## Data segment
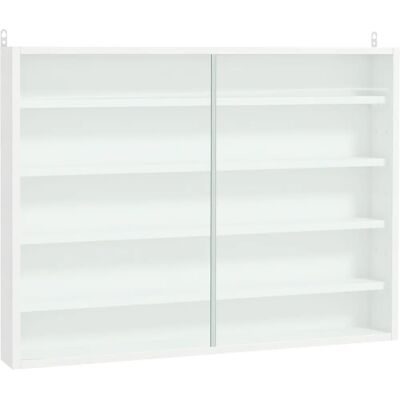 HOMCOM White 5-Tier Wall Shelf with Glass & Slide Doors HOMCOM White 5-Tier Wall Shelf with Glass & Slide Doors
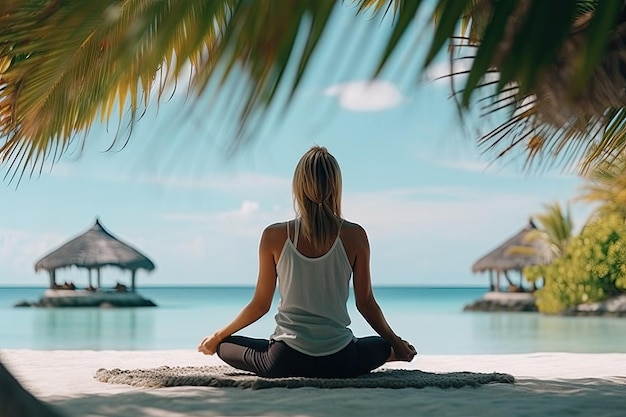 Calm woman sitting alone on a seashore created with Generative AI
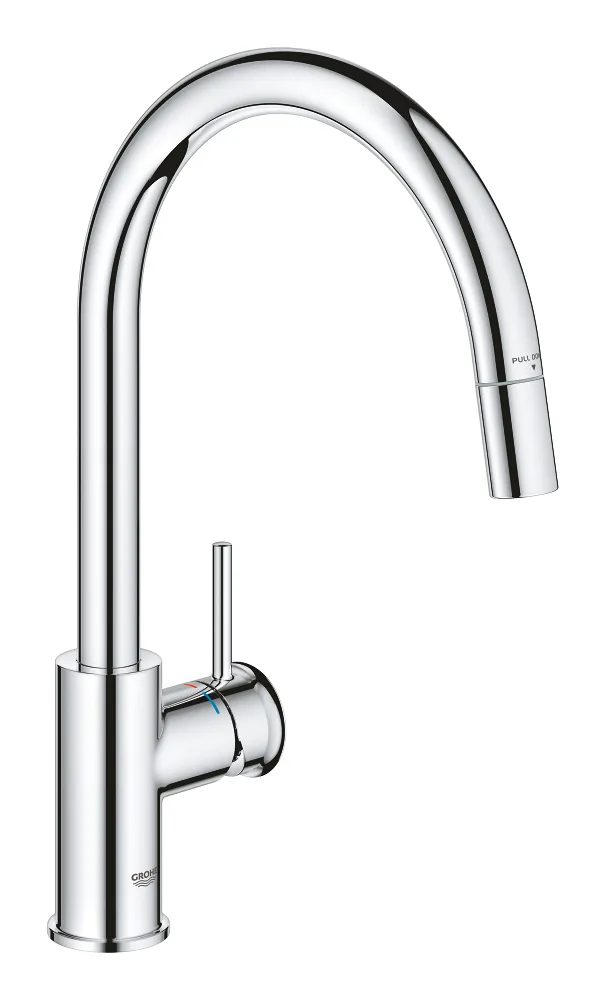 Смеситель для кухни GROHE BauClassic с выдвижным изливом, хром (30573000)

## What is being asked
Please output the material as written, apart from the images.

## Task solution
 HOMCOM White 5-Tier Wall Shelf with Glass & Slide Doors HOMCOM White 5-Tier Wall Shelf with Glass & Slide Doors
 Calm woman sitting alone on a seashore created with Generative AI
 Смеситель для кухни GROHE BauClassic с выдвижным изливом, хром (30573000)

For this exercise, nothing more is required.